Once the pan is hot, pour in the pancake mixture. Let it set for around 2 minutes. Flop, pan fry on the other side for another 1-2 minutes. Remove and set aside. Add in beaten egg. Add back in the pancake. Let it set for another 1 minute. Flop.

* * *

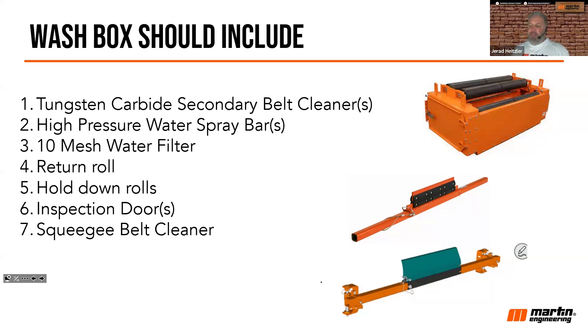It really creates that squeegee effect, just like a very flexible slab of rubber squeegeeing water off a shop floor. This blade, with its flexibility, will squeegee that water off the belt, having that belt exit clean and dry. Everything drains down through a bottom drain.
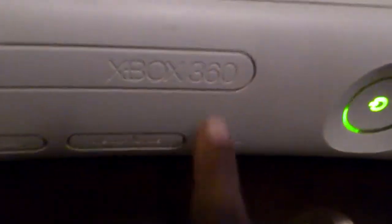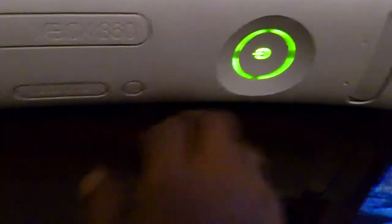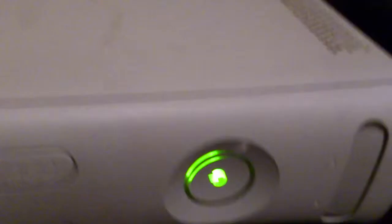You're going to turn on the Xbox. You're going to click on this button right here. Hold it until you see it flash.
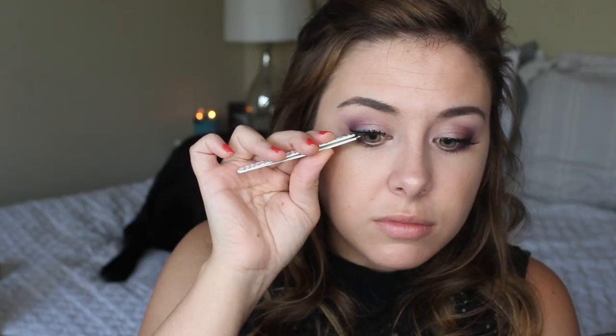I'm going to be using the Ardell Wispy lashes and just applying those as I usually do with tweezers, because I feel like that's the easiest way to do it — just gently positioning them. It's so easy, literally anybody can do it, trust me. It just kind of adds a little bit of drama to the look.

---

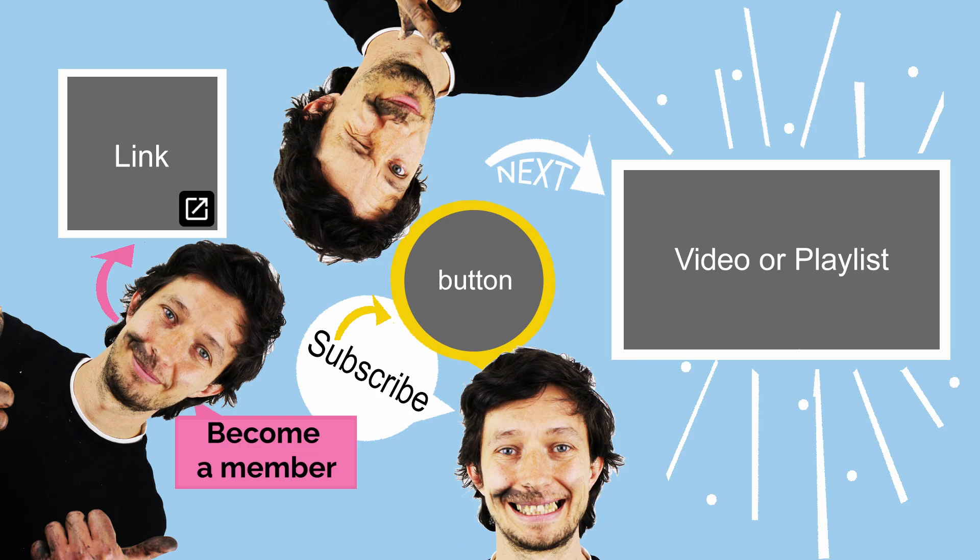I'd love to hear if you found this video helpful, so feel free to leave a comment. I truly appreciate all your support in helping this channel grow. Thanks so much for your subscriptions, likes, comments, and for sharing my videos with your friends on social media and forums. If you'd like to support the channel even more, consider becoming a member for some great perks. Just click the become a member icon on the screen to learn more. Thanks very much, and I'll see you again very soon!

● **Problem description**
For the entries above, print exactly the lines between the one with "You're going to turn" and the one with "I'm going to", inclusive, with no pictures.

● **Your solution**
You're going to turn on the Xbox. You're going to click on this button right here. Hold it until you see it flash.
I'm going to be using the Ardell Wispy lashes and just applying those as I usually do with tweezers, because I feel like that's the easiest way to do it — just gently positioning them. It's so easy, literally anybody can do it, trust me. It just kind of adds a little bit of drama to the look.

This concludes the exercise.